Sunday, May 20, 2007


An editorial in Sunday's News-Leader says history will look kindly on John Ashcroft, the former attorney general and native of Greene County.

Ashcroft has always been viewed as a hard-core conservative. But recent reports about Ashcroft bucking the Bush Administration over a secret eavesdropping program have forced a rethink. As the News-Leader opines:
In January 2005, we wrote: "Ashcroft carried out — often to an extreme — the approach the president wanted."

It turns out, in at least one, very important instance, we were wrong. ...

We'll continue to believe that Ashcroft's political positions on the Patriot Act and secrecy restricted freedom more than necessary.

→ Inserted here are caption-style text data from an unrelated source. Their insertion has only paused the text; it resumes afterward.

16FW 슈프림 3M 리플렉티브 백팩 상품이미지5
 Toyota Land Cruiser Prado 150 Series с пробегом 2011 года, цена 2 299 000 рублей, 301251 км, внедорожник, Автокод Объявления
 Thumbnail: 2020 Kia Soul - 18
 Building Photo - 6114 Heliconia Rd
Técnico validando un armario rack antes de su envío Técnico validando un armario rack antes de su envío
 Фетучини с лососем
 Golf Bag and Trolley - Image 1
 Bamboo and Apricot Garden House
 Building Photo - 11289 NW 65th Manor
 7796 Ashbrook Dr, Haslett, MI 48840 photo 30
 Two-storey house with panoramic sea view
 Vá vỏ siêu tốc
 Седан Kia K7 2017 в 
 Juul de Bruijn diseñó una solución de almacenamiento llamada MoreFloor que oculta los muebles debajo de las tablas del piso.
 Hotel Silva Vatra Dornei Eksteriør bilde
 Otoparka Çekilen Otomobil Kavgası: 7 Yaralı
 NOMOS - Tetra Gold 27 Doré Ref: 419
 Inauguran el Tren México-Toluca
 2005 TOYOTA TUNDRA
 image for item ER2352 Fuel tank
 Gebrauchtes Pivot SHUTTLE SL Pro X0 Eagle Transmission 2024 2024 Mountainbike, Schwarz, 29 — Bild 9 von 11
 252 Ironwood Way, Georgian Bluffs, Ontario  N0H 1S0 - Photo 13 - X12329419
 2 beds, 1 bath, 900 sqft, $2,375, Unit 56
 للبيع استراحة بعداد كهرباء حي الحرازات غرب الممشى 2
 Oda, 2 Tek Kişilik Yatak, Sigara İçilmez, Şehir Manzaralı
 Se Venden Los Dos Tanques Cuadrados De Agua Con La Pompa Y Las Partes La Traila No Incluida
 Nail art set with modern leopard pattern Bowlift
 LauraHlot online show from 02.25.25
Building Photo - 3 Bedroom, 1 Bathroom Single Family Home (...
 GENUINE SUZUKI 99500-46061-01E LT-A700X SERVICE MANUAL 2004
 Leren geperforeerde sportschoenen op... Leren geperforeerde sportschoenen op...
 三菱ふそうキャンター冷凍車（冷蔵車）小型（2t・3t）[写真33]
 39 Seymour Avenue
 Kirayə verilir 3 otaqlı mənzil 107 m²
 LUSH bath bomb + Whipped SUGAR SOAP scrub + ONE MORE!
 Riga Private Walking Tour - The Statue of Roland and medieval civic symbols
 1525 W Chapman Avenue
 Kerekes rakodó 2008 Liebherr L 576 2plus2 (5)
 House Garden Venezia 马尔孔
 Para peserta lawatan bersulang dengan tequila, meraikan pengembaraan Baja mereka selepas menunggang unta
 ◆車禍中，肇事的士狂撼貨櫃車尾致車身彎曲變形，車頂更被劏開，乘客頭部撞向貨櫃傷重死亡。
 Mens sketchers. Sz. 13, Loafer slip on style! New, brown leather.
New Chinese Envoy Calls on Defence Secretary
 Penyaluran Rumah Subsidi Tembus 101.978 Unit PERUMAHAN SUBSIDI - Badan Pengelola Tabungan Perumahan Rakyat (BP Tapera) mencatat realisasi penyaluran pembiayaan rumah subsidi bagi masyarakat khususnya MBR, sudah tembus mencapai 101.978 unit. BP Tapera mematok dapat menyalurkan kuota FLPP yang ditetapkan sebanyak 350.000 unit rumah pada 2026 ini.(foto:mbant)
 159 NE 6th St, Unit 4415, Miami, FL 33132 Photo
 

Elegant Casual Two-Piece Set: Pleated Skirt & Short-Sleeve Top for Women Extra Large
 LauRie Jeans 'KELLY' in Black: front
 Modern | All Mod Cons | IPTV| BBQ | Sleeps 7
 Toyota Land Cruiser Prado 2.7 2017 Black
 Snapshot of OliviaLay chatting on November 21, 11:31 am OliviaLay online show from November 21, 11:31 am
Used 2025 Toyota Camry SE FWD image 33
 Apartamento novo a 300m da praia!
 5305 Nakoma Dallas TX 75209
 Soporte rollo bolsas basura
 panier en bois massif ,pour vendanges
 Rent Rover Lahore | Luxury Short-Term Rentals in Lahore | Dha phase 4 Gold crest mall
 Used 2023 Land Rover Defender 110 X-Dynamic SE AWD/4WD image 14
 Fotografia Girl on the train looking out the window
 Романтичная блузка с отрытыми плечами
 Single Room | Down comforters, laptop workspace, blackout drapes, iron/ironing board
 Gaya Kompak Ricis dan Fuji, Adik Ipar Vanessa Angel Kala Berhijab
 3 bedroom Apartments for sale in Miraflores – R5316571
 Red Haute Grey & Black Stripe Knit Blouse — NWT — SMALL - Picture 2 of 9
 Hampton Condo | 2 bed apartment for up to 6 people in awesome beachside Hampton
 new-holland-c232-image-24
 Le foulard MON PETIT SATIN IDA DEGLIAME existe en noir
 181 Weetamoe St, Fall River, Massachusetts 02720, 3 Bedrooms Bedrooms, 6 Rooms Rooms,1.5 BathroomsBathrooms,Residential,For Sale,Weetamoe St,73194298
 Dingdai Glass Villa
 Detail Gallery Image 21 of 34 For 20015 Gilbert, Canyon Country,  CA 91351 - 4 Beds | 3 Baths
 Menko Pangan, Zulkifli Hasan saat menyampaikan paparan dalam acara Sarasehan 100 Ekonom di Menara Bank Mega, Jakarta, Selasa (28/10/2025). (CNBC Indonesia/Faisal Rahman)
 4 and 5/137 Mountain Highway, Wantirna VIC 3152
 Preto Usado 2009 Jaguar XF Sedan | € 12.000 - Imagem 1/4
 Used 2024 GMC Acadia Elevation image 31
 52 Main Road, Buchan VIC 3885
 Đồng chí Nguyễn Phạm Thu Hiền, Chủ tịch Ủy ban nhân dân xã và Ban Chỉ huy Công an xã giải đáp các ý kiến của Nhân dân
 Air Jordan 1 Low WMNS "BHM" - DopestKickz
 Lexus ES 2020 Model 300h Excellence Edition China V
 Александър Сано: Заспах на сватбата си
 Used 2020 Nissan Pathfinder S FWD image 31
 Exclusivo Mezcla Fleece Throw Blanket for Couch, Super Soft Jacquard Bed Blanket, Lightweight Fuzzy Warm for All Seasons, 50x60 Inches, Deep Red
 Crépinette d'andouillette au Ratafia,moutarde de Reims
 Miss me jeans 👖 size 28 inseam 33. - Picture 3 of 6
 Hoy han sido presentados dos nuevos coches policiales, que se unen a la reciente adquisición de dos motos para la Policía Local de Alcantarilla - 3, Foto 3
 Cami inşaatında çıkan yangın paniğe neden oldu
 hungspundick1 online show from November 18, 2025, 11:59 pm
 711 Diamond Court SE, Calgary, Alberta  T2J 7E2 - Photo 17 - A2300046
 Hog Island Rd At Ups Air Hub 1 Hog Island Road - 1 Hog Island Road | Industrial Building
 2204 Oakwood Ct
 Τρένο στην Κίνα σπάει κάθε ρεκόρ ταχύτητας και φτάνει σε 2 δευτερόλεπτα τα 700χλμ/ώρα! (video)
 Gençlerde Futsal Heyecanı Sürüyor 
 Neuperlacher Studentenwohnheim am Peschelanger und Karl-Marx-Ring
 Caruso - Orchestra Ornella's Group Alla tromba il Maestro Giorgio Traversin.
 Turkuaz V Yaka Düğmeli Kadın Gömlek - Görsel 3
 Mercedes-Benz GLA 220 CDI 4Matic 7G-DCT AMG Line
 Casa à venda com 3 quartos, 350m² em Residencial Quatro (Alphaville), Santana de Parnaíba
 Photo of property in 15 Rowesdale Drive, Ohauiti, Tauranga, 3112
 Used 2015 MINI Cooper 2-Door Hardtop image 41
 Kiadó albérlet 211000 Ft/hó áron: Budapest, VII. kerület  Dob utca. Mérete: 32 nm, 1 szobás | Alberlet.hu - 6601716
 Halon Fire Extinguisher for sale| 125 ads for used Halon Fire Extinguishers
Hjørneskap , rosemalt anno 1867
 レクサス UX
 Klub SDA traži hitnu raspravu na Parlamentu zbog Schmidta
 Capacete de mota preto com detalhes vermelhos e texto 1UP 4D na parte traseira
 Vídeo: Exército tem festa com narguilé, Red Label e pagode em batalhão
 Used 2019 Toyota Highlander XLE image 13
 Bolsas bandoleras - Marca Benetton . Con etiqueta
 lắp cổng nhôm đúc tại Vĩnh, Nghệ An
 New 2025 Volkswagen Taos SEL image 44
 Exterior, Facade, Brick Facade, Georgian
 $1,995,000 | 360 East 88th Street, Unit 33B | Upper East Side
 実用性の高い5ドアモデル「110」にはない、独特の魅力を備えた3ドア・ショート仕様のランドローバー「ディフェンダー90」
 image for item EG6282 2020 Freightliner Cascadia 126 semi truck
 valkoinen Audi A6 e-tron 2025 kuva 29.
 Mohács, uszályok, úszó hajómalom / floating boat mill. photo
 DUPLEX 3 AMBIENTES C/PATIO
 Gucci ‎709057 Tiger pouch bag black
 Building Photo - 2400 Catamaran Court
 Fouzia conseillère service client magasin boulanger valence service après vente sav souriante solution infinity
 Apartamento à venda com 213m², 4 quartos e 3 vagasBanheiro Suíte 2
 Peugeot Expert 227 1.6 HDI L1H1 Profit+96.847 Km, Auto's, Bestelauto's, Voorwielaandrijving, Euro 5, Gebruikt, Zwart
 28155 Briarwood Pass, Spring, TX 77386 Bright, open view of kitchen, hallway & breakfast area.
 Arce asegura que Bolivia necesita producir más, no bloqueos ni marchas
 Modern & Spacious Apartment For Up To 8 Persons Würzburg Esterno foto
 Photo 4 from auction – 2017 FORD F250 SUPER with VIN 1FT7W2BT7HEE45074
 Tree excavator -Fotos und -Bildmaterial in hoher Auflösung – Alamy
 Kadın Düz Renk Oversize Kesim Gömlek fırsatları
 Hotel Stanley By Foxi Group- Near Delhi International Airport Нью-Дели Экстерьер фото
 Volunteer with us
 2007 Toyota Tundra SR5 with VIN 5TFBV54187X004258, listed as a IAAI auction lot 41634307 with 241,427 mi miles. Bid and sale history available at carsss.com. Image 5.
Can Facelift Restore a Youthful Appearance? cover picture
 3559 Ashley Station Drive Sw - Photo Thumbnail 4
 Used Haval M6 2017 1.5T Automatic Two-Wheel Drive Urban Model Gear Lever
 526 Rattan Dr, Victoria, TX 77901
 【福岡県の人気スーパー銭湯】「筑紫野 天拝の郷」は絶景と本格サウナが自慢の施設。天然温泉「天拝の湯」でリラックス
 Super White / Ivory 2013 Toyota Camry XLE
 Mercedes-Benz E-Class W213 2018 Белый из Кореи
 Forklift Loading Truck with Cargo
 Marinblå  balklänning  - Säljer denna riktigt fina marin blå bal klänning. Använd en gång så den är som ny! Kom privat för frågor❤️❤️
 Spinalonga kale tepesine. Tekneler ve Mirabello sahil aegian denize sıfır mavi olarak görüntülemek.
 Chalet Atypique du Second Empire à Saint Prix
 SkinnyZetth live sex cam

But we have a newfound respect for the man's integrity and his understanding of the important and independent role the Justice Department must play in balancing out the objectives of the executive branch with the requirements of the U.S. Constitution.
A fascinating account in the Washington Post shows that Ashcroft repeatedly fought with the Bush Administration:
Ashcroft also opposed holding detainees indefinitely at the U.S. military base at Guantanamo Bay, Cuba, without some form of due process. He fought to guarantee some rights for those to be tried by newly created military commissions. And he insisted that Zacarias Moussaoui, accused of conspiring with the Sept. 11 hijackers, be prosecuted in a civilian court.
None of the revisionism makes John Ashcroft a moderate, and many of his actions as attorney general -- his embrace of torture, his cover-up of a topless statue, his fearmongering manipulation of the Jose Padilla arrest -- remain inexcusable.

The Bush Administration is so radical that Ashcroft, by comparison, seemed moderate. If that doesn't scare you, nothing will.


The Lorax said...


scared now.

Anonymous said...

wonder if the news-leader will print this chatter column for tomorrow's addition?

Anonymous said...

That's "edition," Einstein.

PS Jimmy who???

Anonymous said...

If the NL did publish this, and I hope it does to help stimulate the mind a bit, wouldn't it be an addition to the edition?

Anonymous said...

The way The News-Bleater's editorial content continues to shrink in size and quality, each day's product is a subtraction edition.